I'm not sure why no one else has mentioned this, but "STOP" will only stop messages relating to that particular campaign. By sending "STOP ALL" it will stop messages from any campaign on that number.
I'm finding STOP works for US politician texts. They unsubscribe me, at least for that particular spam project. (Inevitably I end up in the next one.)
I don't bother responding STOP to the obvious scams. They're already so crooked I doubt they're going to pay attention to SMS niceties when messaging me from Romania about my USPS package.
PS: never ever give your phone number or email address to any political candidate. Mailing address is required in the US but no other contact info.
I don't even click unsubscribe links anymore, I just CC straight to my government's spam complaint line and report how my contact information has been misappropriated if I actually provided it, or accuse them of acquiring it without my consent too.

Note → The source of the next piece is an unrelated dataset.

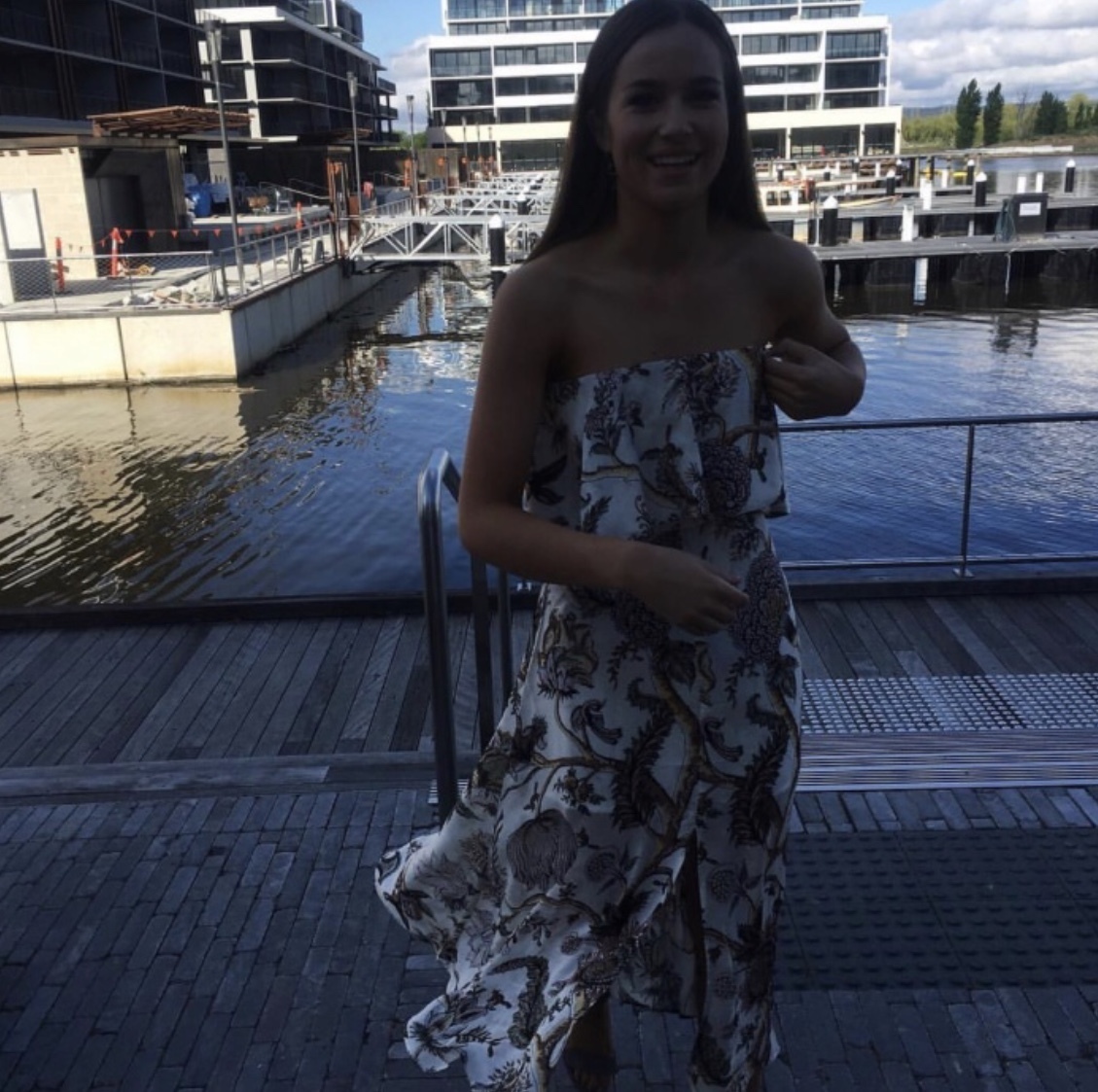 Borrow a Zimmermann Karmic Strapless Flounce Dress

Hijacking this a bit, but I'm very annoyed around political texts. Banning them is something 95% of Americans would support, but only 5% of politicians would support it.
Like anything, it depends on the specific circumstances and there is no one right answer.
If it's a company/organization that you've done business with, and they got your phone number through legitimate means, replying STOP will unsubscribe you, just like clicking unsubscribe in the email will simply unsubscribe you.
Folks saying that the amount of political spam they got after replying STOP to a political message went up, probably submitted their phone number to more organizations than they realized.
If it's actual spam (Which in my experience, is more often email-to-sms from Gmail, not actual texting spam) then of course that doesn't work.
Unfortunately this is a situation where you just have to use your brain. Oh, and I'm not convinced "report spam" does anything.
> Others have argued with me that you should reply STOP.
I don't see any point in replying STOP to an unsolicited message, if they cared about your consent they wouldn't have sent it unsolicited in the first place.
I use Google Fi which marks most of them as spam anyway, and the ones it doesn't I flag as spam so presumably other Fi users will automatically have them routed to spam.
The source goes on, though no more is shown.